Breastfed babies gain weight differently than formula fed infants. Breastfed babies typically gain weight more quickly during the first six months, then gain weight a bit more slowly the second six months.
Here are the average amounts breastfed babies should gain throughout the first year:
- Babies 0-4 months should gain 5.5 – 8.5 ounces per week.
- Babies 4-6 months should gain 3.25 – 4.5 ounces per week.
- Babies 6-12 months should gain 1.75 – 2.75 ounces per week.
It is normal for babies to lose weight in the first few days immediately following birth. Weight loss between 5-7% during the first 3-4 days after birth is normal and expected.
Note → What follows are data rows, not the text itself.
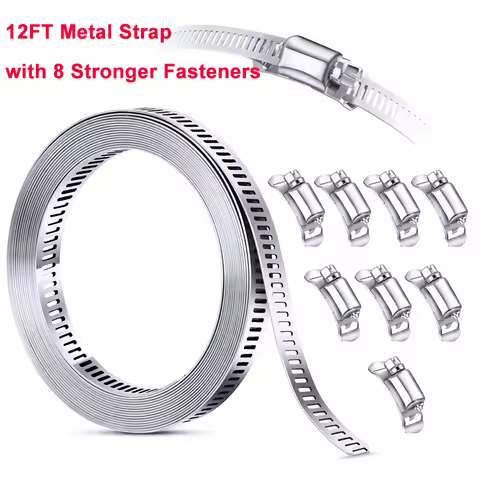 NEW 304 Stainless Steel 3.5M Hose Clamp Strap with 8 Fasteners Worm Clamp Adjustable Worm Gear Pipe 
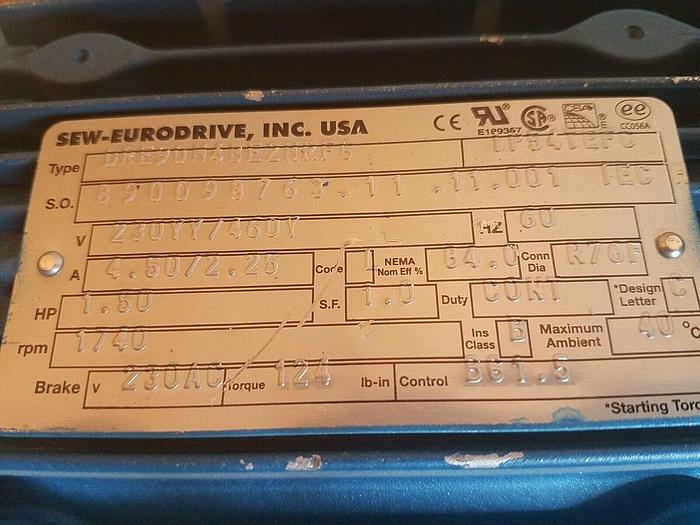 Used Sew Eurodrive DRE90M4BE2HRFG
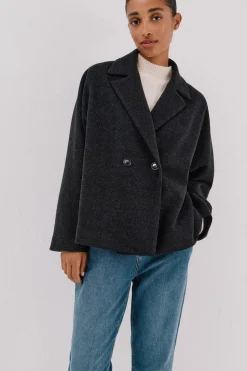 Cortefiel Abrigo corto desestructurada Gris oscuro Best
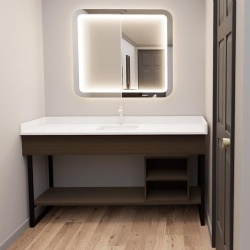 Bath vanities and LED lighting mirror Super 8 motel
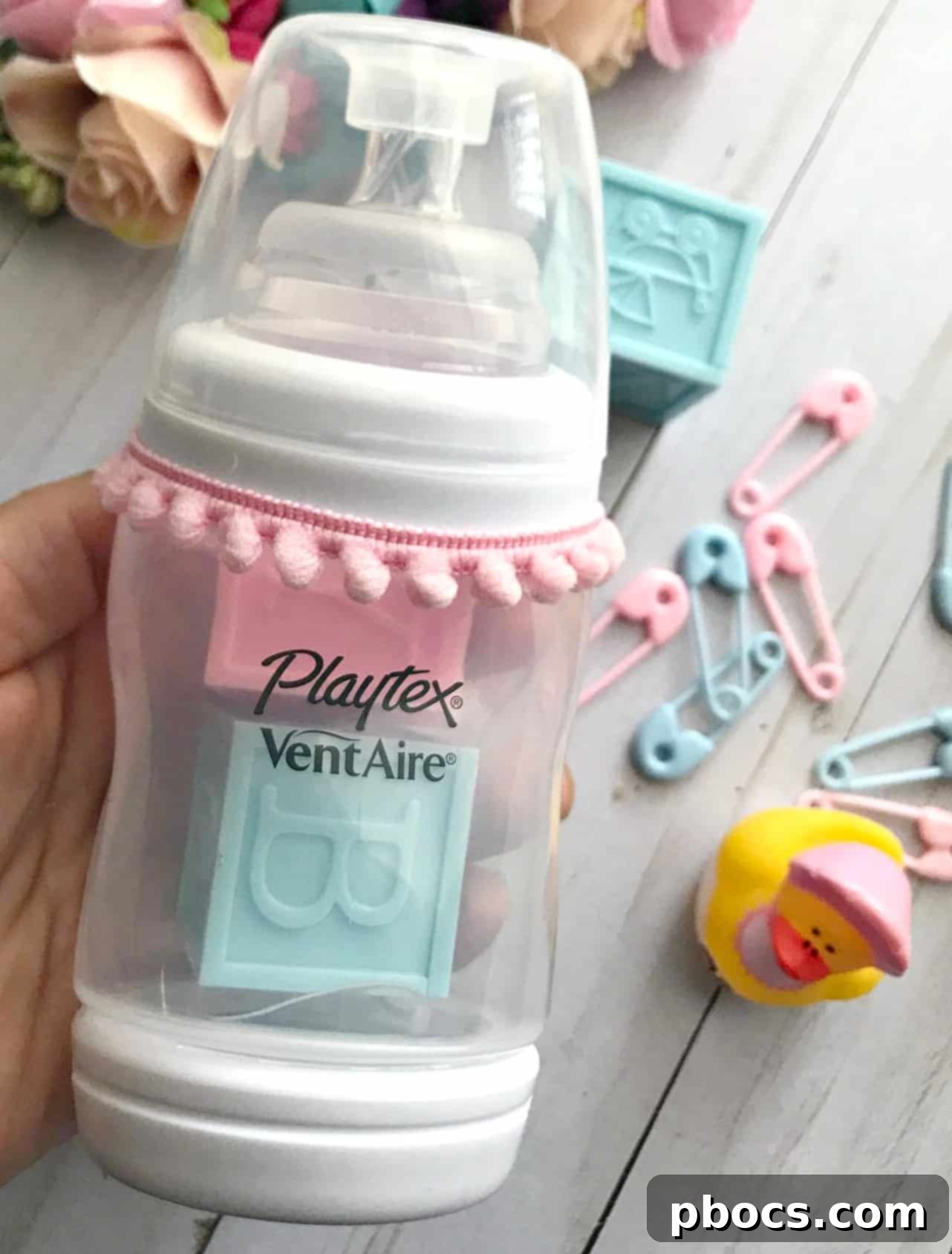 DIY Baby Bottle Place Card Holders Step 2 DIY Baby Bottle Place Card Holders Step 2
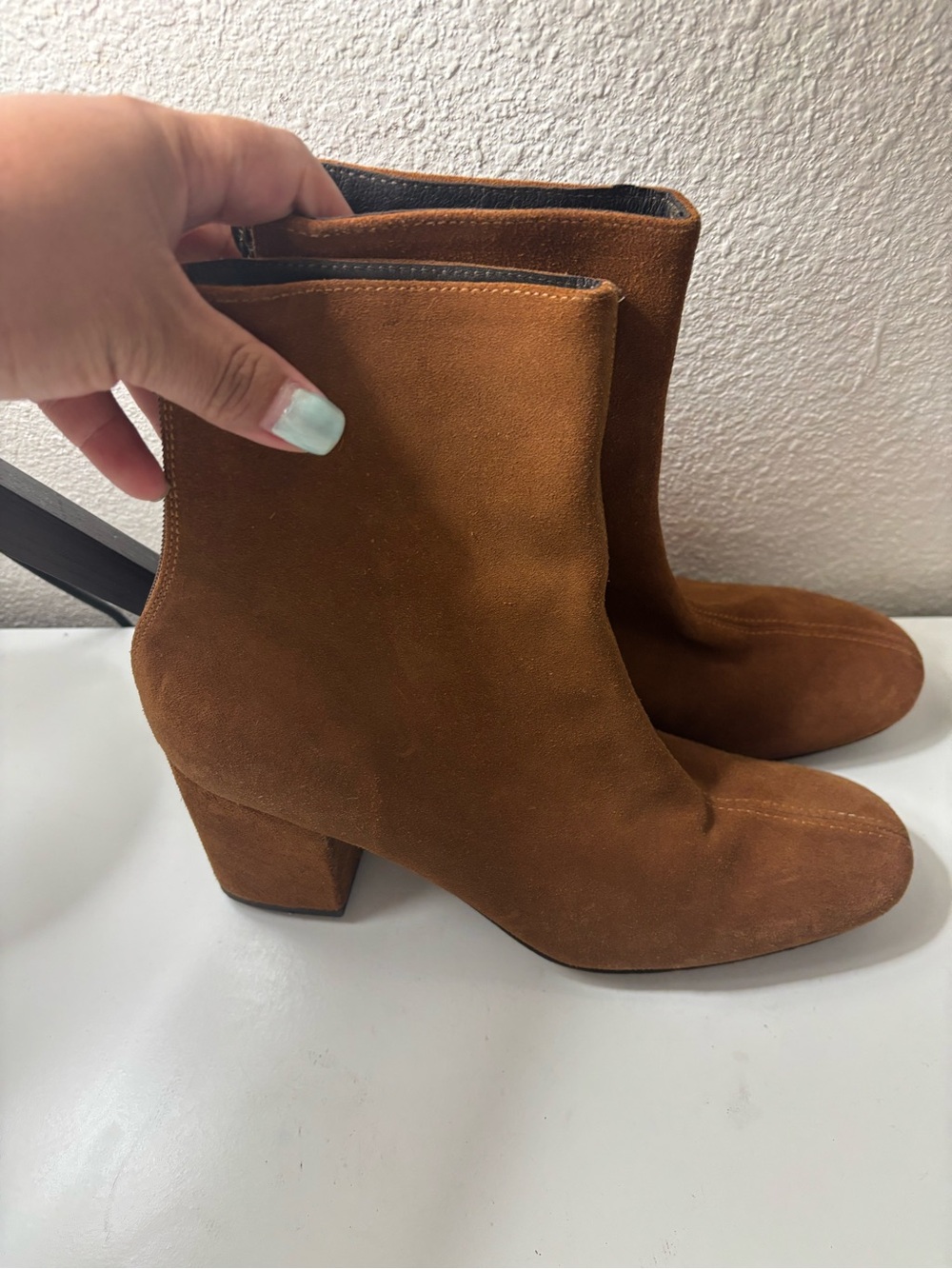 Free People Russet Suede Mid Heel Ankle Boots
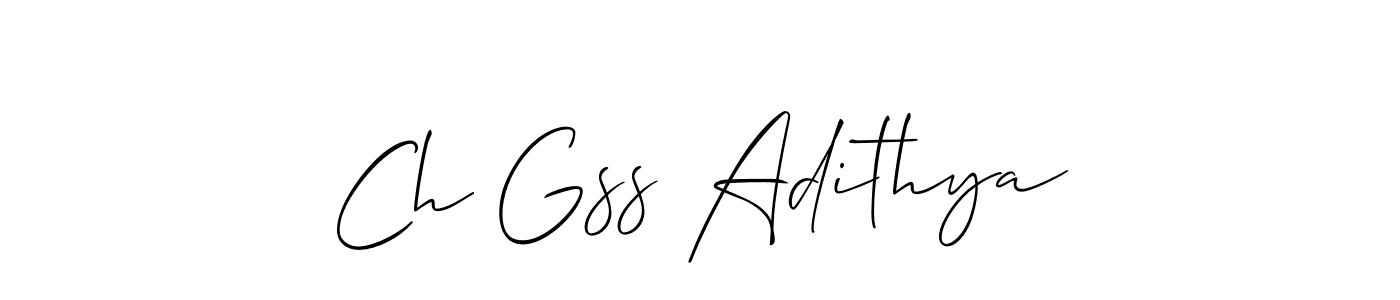 Ch Gss Adithya stylish signature style. Best Handwritten Sign (Allison_Script) for my name. Handwritten Signature Collection Ideas for my name Ch Gss Adithya. Ch Gss Adithya signature style 2 images and pictures png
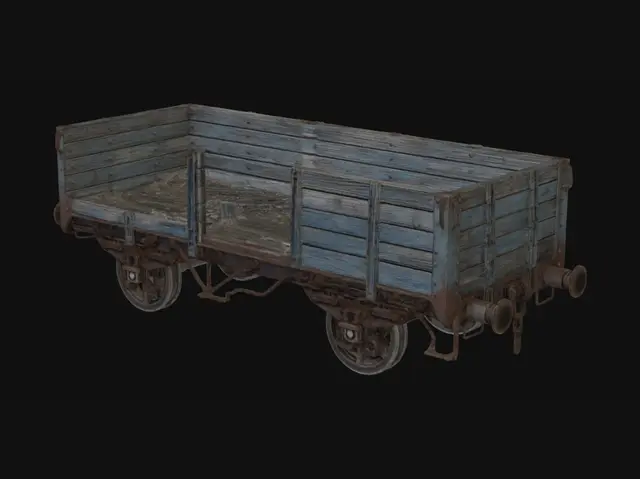 3D model for abandoned open freight wagon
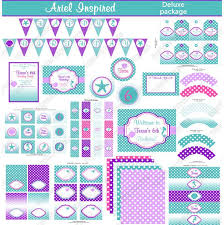 Tessa S Ariel Inspired Birthday Party Ariel Birthday Mermaid Printable Cupcakes Little Mer Little Mermaid Parties Mermaid Birthday Party Mermaid Birthday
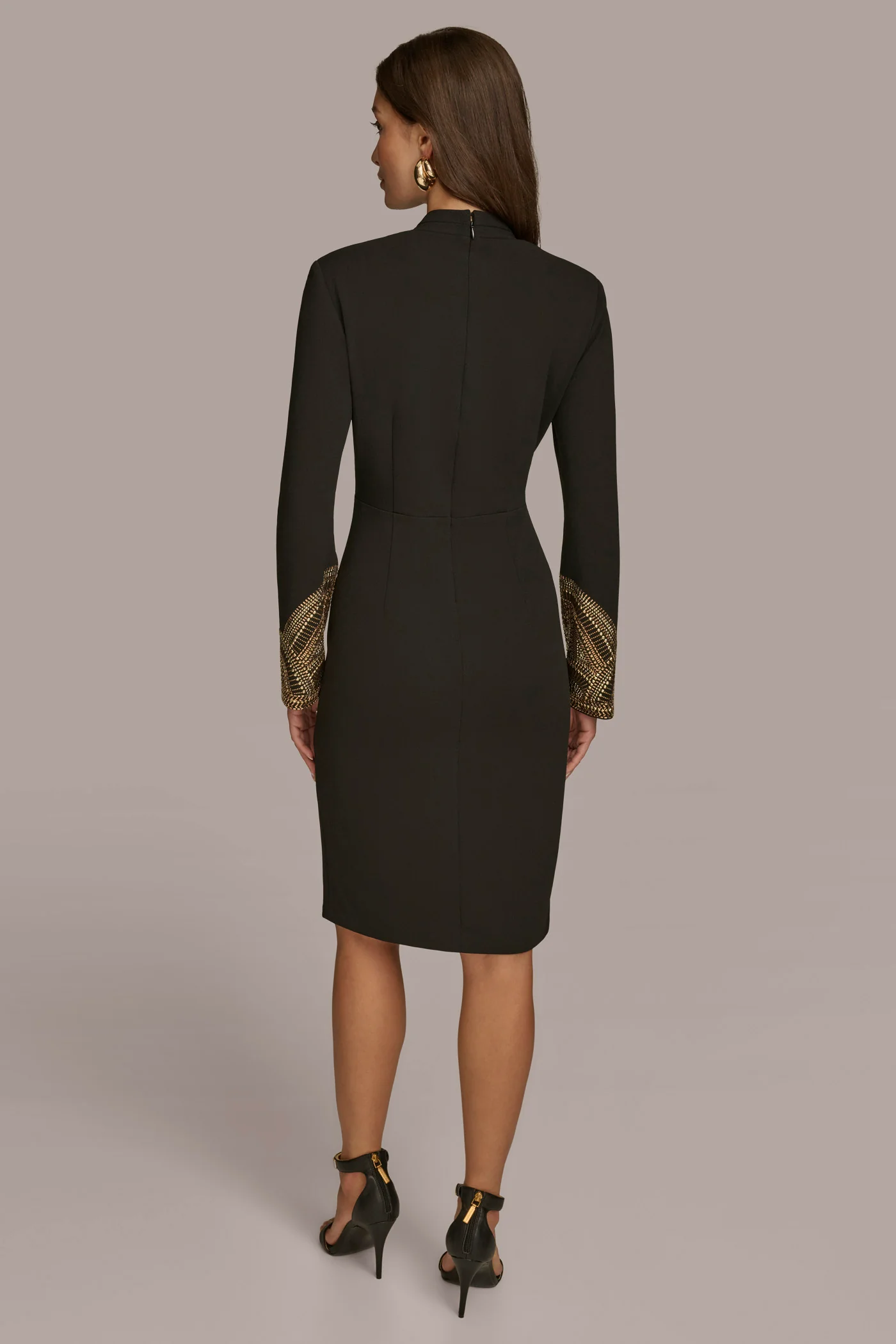LONG SLEEVE V-NECK SHEATH DRESS - VXVOV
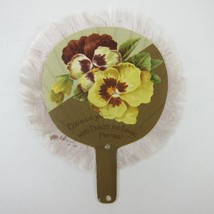 Victorian Greeting Card Hand Fan Yellow Pansy Flowers White Fringe Antique - £7.88 GBP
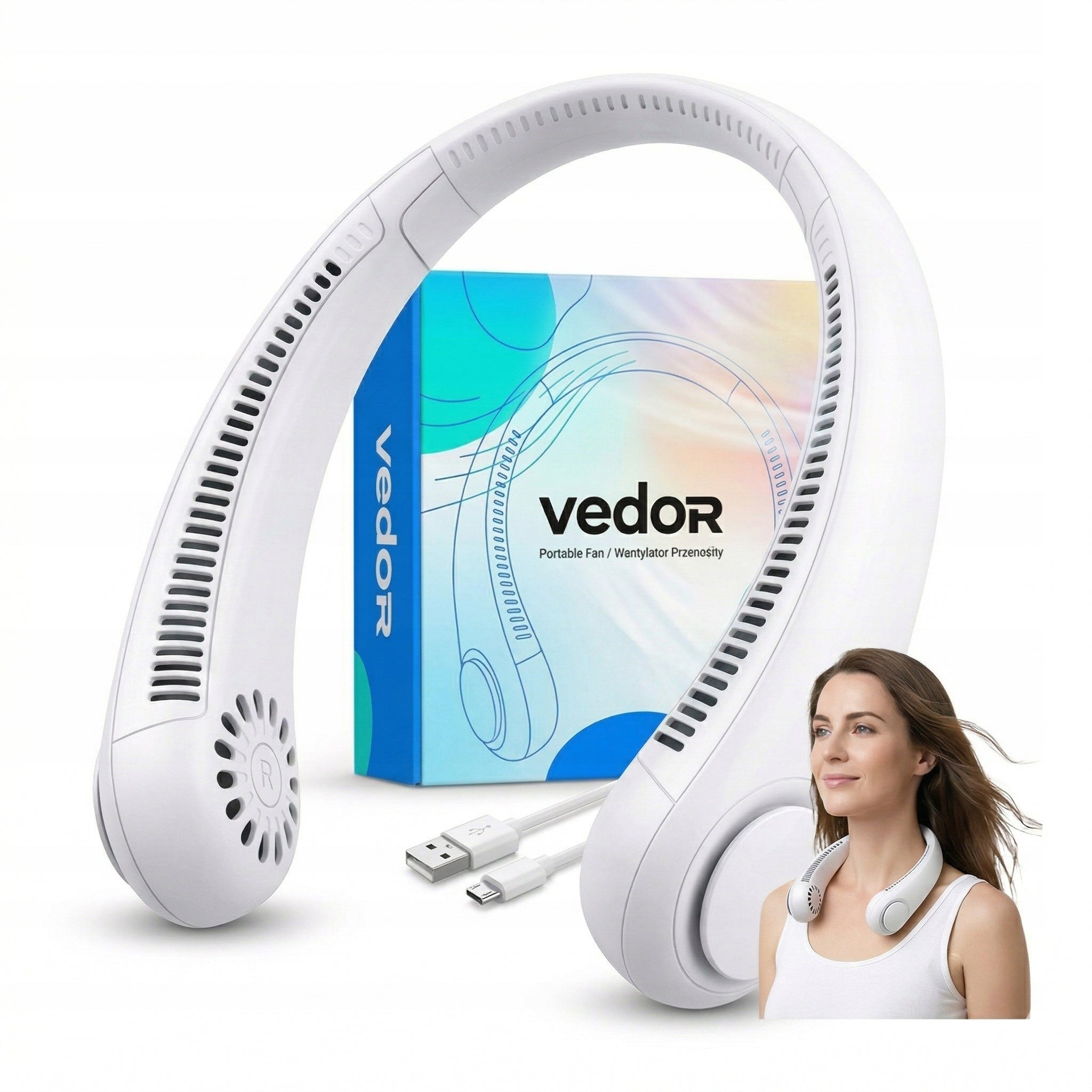 Neck Fan Portable Bladeless Fan USB Quiet Powerful Sports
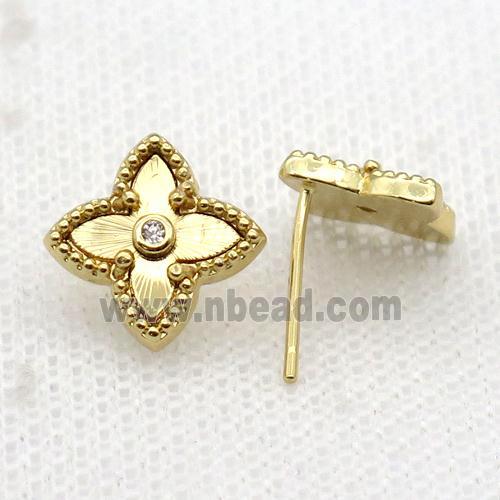 copper Stud Earring, star, gold plated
Weight loss equal to 10% is sometimes considered normal. However, babies who lose 10% or more of their birth weight should be monitored very closely to ensure they are getting enough milk. There are a few possible reasons a baby may lose more than 5-7% of their birth weight which have nothing to do with how much milk the baby is receiving. If the mother has had an induction, a cesarean birth, or an epidural longer than 6 hours, the additional fluids passed into her will in turn get passed into the baby, thus resulting in a “false” birth weight. A “false” birth weight can exaggerate the baby’s weight loss leading to concerns about milk intake. Many experts are pushing for baby’s weight to be assessed 24 hours after delivery, rather than immediately after birth to help determine the actual birth weight. This practice may ease mother’s concerns about milk supply and their baby’s weight gain.
Babies who have lost 10% or more of their birth weight should have a routine weight check performed at 5 days, so that any developing problems can be caught and remedied early. By day 5, babies should be gaining rather than losing weight.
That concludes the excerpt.